- Directed by: Benito Alazraki
- Written by: Rodolfo Usigli (play) Francisco Cabrera Benito Alazraki
- Produced by: Francisco Cabrera
- Starring: Dolores del Río
- Cinematography: Agustín Martínez Solares
- Edited by: Rafael Ceballos
- Music by: Gonzalo Curiel
- Distributed by: FILMEX
- Release date: 26 June 1958;
- Running time: 94 minutes
- Country: Mexico
- Language: Spanish

= Where Are Our Children Going? =

Where Are Our Children Going? (¿Adónde van nuestros hijos?) is a 1958 Mexican drama film directed by Benito Alazraki. It was released in 1958. It starred Dolores del Río, and was based on the play Half Tone (Medio tono) by Rodolfo Usigli.

==Plot==
Martín (Tito Junco) is a bureaucrat who lives with his wife Rosa (Dolores del Río) and their children Julio, Gabriela, Sara, Victor, and little Martín.
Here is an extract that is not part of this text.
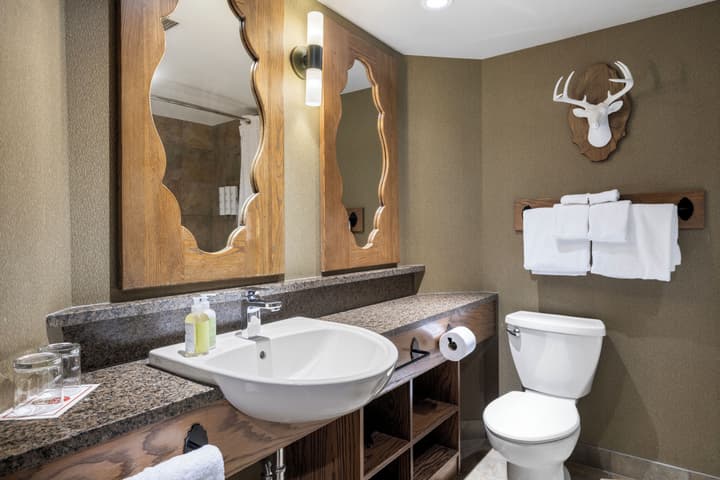 Banff Caribou Lodge and Spa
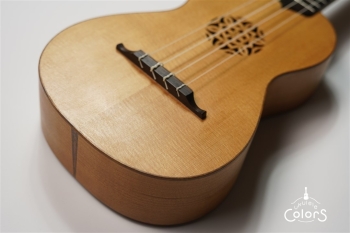 ukulele concert 14 FA.S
When each of their children begins to face problems of life, Martín and Rosa reach a point in their long relationship in which indecision and clashes seem to become daily bread, and their marriage will be in danger ... together with the family unit of their children.

==Cast==
- Dolores del Río - as Rosa
- Tito Junco - as Martín
- Ana Bertha Lepe - as Gabriela
- Martha Mijares - as Sara
- Carlos Fernández - as Julio
- León Michel - as Victor
- Rogelio Jiménez-Pons - as Martín, Jr.